I am trying to write a grok parser for a log in CSV format. The different columns are separated by semicolons and each column is included in double quotes.here is an example:
"2017-03-07T08:07:39.585Z";"WARN";"";"";"This is an example customer error Message";
Until recently using a greedy regex looking for the doubly quote to and the field worked fine for me.

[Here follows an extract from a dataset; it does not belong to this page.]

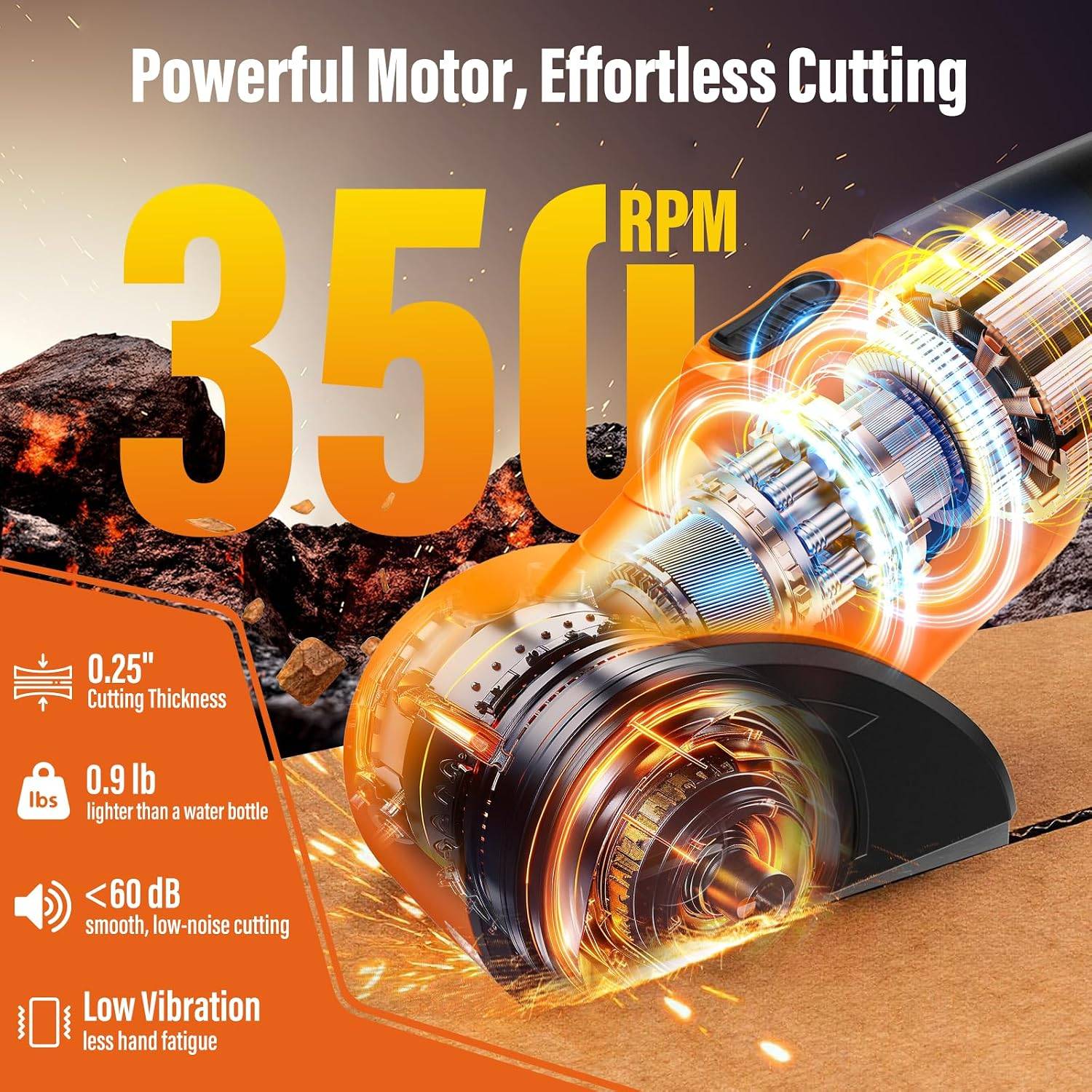 Cordless Electric Scissors with 3 Tungsten Steel Blades - photo 3
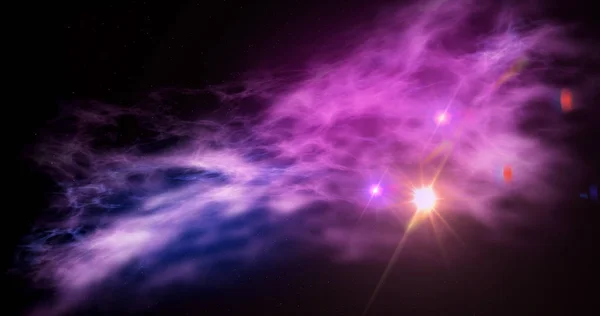 Nebula clouds — Stock Photo, Image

However some of the Messages we receive started to include Semicolons and double quotes as well. Any double quotes within the Column are escaped by using double doubleqoutes "".
Here is an example
"2017-03-07T08:07:39.585Z";"WARN";"";"";"Search term ""abcde"" not found; Processing stopped";
Expected parsing would be:
Message: Search term ""abcde"" not found; Processing stopped
Obviously my parser fails at the first double quote in front of abcde. As far as I understand it, using doulbe doulbe duotes is a valid escaping of double quotes within a CSV. And as long as quotes are used using the delimiter (semicolon) within the text is also ok, so there is not much I can do to get this changed.
As fields can be empty simply looking for a single occurrence of a double quote instead of a double quote does also not work. So I need to have the string ";" (double quote semicolon double quote) as a separator but I am lacking the regexp and grok experience to implement this. Any hints how this can be done?